Police Chief Anthony Campbell shared that message with the alders on the Finance Committee during a four-hour workshop on the mayor’s proposed $547 million operating budget for the fiscal year starting July 1. The workshop took place this past Thursday night in the Aldermanic Chambers on the second floor of City Hall.

What was really going to be a record, mind-blowing number year for overtime,” he said, we’ve scaled it back quite a bit.”

East Rock Alder Anna Festa asked the chief why the recent spate of promotions has not reduced police overtime costs, which ran as high as $150,000 per week in January 2018.

We were told last year at this meeting that the promotions were the cure for all the overtime,” Festa said. And there’s still a deficit. What happened?”

Campbell said that the recent promotions of seven officers to lieutenant and assistant chief positions have indeed cut down on supervisory overtime.

But, he said, there are still two main drivers of larger-than-anticipated overtime numbers among rank and file officers: a steady decrease in the number of officers on the force, and the cost of training officers on how to use a suite of new equipment, from body cameras to crowd control gear, that have been introduced in the past nine months.

The week of Jan. 5, 2018, the police overtime exceeded $154,000. For the rest of January, that number ranged from $123,000 to $151,000.

The weekly overtime number dropped to the $80,000 to $90,000 range in March. The department still expects the overtime to be $2.5 million over budget by the end of the fiscal year in June, accordingly to a monthly financial report provided by Acting Budget Director Michael Gormany.

In regard to staffing concerns, Campbell said the force started January 2017 with 431 officers in the department. As of January 2018, that number dropped to 408.

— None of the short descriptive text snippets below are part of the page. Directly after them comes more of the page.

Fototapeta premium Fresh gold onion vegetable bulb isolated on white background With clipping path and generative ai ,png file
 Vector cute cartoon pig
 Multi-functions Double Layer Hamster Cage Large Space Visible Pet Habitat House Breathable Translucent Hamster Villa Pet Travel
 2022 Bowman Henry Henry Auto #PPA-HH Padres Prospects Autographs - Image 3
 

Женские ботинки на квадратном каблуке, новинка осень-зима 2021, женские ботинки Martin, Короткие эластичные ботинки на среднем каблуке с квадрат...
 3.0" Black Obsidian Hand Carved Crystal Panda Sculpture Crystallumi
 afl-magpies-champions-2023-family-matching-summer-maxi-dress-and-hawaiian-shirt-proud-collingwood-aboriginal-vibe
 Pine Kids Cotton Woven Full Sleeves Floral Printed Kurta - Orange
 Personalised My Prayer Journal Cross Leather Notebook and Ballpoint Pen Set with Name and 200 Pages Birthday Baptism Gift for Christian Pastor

He said that the department currently has 77 vacancies, and that that number could increase by as much as an additional 80 retirements by the end of the year.

He said that, at last week’s police commissioners meeting alone, he received five retirements and two resignations.

He said that the police contract does not require retirement-eligible officers to give any kind of advanced notice. He said that an officer could come in one day, announce that he or she is retiring, and be done by the afternoon.

Campbell said that he has a good enough relationship with the supervisors and rank and file officers on staff that people will usually give him some kind of heads up before retiring. But legally, he said, they do not have to provide any notice.

The aldermanic Finance Committee.

My biggest concern with overtime is that we seat classes as soon as possible,” he said.

He said that he expects to seat a new class of 40 recruits by the end of April and another class of 40 by the end of the calendar year. But, he said, those new recruits are still not truly available to him for a good six to nine months, since six months are spent in the academy and another three are spent in field training.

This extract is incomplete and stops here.